The original Henan Shaolin Temple at Songhan has been the setting for many motion pictures and television shows, including The Shaolin Temple (1982), starring Jet Li, and the Kung Fu TV series (1972-75), starring David Carradine.

Omeishan 峨嵋山

(pinyin – Emei shan)

Location: Sichaun Province

Latitude/Longitude: 29° 31.4’N/103° 20.2’E

Elevation: 10,150 ft MSL

Omei Mountain (Mt. Emei) – is located near Chengdu in Sichuan province. Omeishan is considered one of China’s most sacred mountains, with a religious history that began centuries before Songshan. The spiritual essence of Mt. Omei is inspired by its mystical atmosphere, characterized by the blanket of clouds and fog that frequently shrouds the mountain’s lush environment of fern, bamboo, palm, and pine forests. It is said that when the clouds reveal the top of the mountain, it is like a beautiful maiden slowly revealing her face. That is why Omei is called, by some people, “Beautiful Eyebrow Mountain”, and others refer to it as the “Great White Mountain”.  The summit is 10,150 ft above sea level. The morning sun occasionally casts the shadow of mountain peak pilgrims onto the cloud deck surrounding the peak. Their shadow can be ringed in a rainbow halo, locally called “Buddha Light”. It is an atmospheric phenomenon known scientifically as an anticorona or glory, which is commonly observed by aircraft pilots.

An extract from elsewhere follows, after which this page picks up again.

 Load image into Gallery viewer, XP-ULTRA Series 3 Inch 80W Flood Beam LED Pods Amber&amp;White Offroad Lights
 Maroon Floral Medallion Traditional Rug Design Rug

BaiMei Daosin, the White Eye-browed Monk, is a legendary character in Chinese martial arts. It is said his skills made him virtually indestructible. BaiMei is a legendary abbot of Omeishan.

On Mt. Omei, diverse species of plants, animals and insects coexist. Chinese physicians found long ago that the lush environment of Omeishan was home to a host of plants that could be used for healing and nutritional purposes. 

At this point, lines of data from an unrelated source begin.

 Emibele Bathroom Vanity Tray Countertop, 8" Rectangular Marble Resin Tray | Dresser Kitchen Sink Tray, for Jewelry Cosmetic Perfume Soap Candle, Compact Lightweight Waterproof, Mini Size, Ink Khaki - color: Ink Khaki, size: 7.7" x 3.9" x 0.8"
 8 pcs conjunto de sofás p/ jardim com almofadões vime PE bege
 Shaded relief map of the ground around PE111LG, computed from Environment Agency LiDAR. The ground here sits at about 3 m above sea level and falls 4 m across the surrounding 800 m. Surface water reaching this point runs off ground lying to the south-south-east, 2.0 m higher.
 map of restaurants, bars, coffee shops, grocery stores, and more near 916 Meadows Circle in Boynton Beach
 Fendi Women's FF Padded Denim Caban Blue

Currently, the monasteries on Mt. Omei focus mainly on the practice of Buddhism and restoration of the rich heritage of this majestic mountain. At Omeishan, monastic life today is in a period of spiritual growth for the Buddhist monks, and a period of reconstruction for mountain temples and historic treasures. 

Huashan 華山

Location: Shaanxi Province

Latitude/Longitude: 34° 28.7’N/110° 04.7’E

Elevation: 7086 ft MSL

The formidable white granite Hua Mountain is located in Shaanxi Province, east of Xian, north of the ChinLing mountain range and south of the Yellow River. Hua means “magnificent” and “flower” in ancient Chinese. Huashan is commonly called “Lotus Mountain” as its peaks are arranged like the petals of a flower. 

In the Taoist religion, this mountain has been a citadel for believers. Its five sacred peaks represent the 5 spiritual elements of the Taoist universe: Central Peak/Earth, North Peak/Water, South Peak/Fire, East Peak/Wood, West Peak/Metal.

The legendary Taoist monk, Lao Tzu (580-500 BC) was challenged to write down the philosophical treatise, “Tao Te Ching” at Hangu Pass, near Huashan.  There is a place between West Peak and South Peak called “Lao Tzu’s furnace”, where legend says Lao Tzu made his pills of immortality. 

Pilgrims have been compelled to climb the rugged, perilous terrain of Mt. Hua for over two millennia. Whether it is the remote seclusion, or the search for some mystical elixir, people who climb this mountain discover its grandeur. Hua is one of China’s most deadly mountains. Careless stumbles cause many people to fall to their death every year. The steps carved into the living granite are hand hewn, and were made during the last several hundred years. Previously, recluse monks climbed this pinnacle of enlightenment for centuries without such convenience, using only handholds and foot notches.

Hua Mountain is rich with folklore, legend and historical characters.

The chess pavilion is located in a rugged area near Hua’s East Peak, called the Botai Terrace. This is where Chen Tuan challenged Emperor Zhao to play the Chinese board game, called Wei Qi (a.k.a. "Go"), making a wager-- Chen Tuan’s servitude bet against the entire mountain range of Hua.  The emperor lost.  Thus the Taoist monks were given title to the mountain. 

Another renowned figure in Chinese history is connected with the mountain – Dr. Hua Tuo, who is as famous a physician in China as is Hippocrates to the western world. He was also famous as the originator of some Hua martial arts health and fitness training.

The monks of Huashan had to be nimble and strong because of the difficult terrain. This gave rise to some unique martial arts styles. Of the martial folk stories, perhaps the most significant related to Hua Mountain has to do with the historical characters, collectively called -- The Eight Immortals.

Wudangshan 武當山

Location: Hubei Province

Latitude/Longitude: 32° 24.1’N/111° 00.3’E

Elevation: 5333 ft MSL

Taoism is the indigenous religion of China. The Taoist abbot of Wudangshan says the spiritual origin of this sacred site was 3000 B.C.

Zhen Wu is honored as the god whose search for enlightenment was a foundation of Taoist beliefs at Wudang. Zhen Wu is the god of the north, which is represented by the Taoist element, water.  The spirit animal of Wudang is symbolized by the image of “Xuan Wu” -- a turtle and snake.

The oldest Taoist temple of Wudang is current submerged under the Dangjiangkou Reservoir. The oldest remaining temple on Wudangshan is the 5 Dragon Palace. The summit of Wudang is called Tianzhu Peak, where the Jin Ding (Golden Hall) Temple was built during the Ming Dynasty.

The most significant martial arts story from Wudang is that of Zhang Sanfeng, who was the creator of Tai Chi Chuan, (the Grand Ultimate Fist).